Still rushing, I took a look at SVNC artist-in-residence Knox Cummin’s three pieces inside the main building, called “The Dearly Departed Suite.”
These indoor pieces are only up until the 7th, but the outside pieces will remain at least through the summer.
They made me think of Fritz Dietel’s pods (see post on Dietel).
The pieces slowed me down, bringing me to thoughts of my past week with a number of mourning rituals.
Into the woods
Then I ventured into the woods, heading for his bird blind, “Slithering” (could this be a Harry Potter influence?). Because I am directionally challenged, I attended to my instructions and my map and my bearings with infinite care, and for a change I didn’t get lost.
The bird blind (at top, above left and below right), which is set into the side of a ravine, undulated and fit back against the land, with benches inside and scales of bark on the outside.
The view of the sky and the land through the grid of wood was spectacular. I saw a wonderful hawk, but I was so excited, I pressed the off button instead of the shutter button on my camera and missed the photo op. The other birds I could only hear.

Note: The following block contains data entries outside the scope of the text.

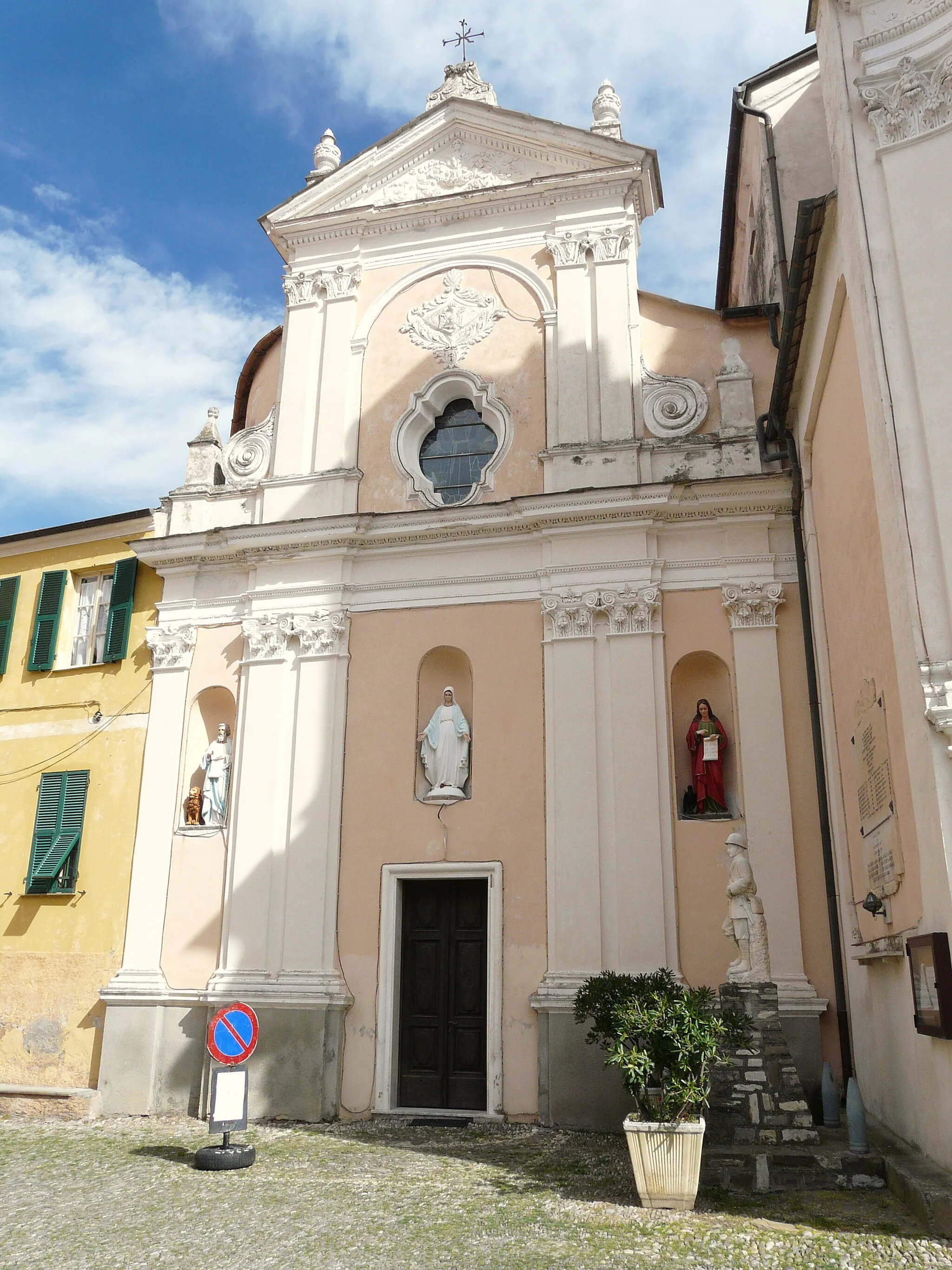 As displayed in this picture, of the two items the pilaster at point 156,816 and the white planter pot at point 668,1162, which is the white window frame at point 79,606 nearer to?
the pilaster at point 156,816

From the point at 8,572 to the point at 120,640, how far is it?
253 cm

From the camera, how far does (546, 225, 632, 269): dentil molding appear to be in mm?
13266

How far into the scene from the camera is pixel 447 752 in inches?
469

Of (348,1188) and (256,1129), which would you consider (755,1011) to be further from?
(256,1129)

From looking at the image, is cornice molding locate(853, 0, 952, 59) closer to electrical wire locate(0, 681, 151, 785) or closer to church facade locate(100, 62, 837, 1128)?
church facade locate(100, 62, 837, 1128)

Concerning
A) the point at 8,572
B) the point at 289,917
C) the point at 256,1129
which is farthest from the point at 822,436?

Nearby in the ravine were some pieces by students who worked with Cummin and their teacher at the Green Woods Charter School at SVNC.
Cummin had several other pieces outside, including a group of three vessels–two boats and a bowl (from left to right, “Two-Bowed Boat,” “Longboat” and “Bowl”). Like “Resting With the Guardians,” the two boats are made from hurricane cherry. “Bowl” is from hurricane poplar.
Again, the pieces have a life’s or soul’s journey feel about them, partly because of their size, and partly because they are metaphoric vessels, with no real function. The roughness of the work implied an eagerness in their manufacture, a desire to express the feelings immediately and get on with the soul’s journey.
I missed one piece, appropriately called “It Got Away,” but three more boats, “Three Departing Boats,” these with masts, right in front of the main building seemed sad to be leaving, just like me. I do confess that, because one of them had three masts, and because there were three, I did think of the Nina, the Pinta, and the Santa Maria.
Returning to civilization (well, the woods seemed more civilized than my life), I once again crossed the gravel at 15 mph, but on the way out, it seemed fast enough for any human.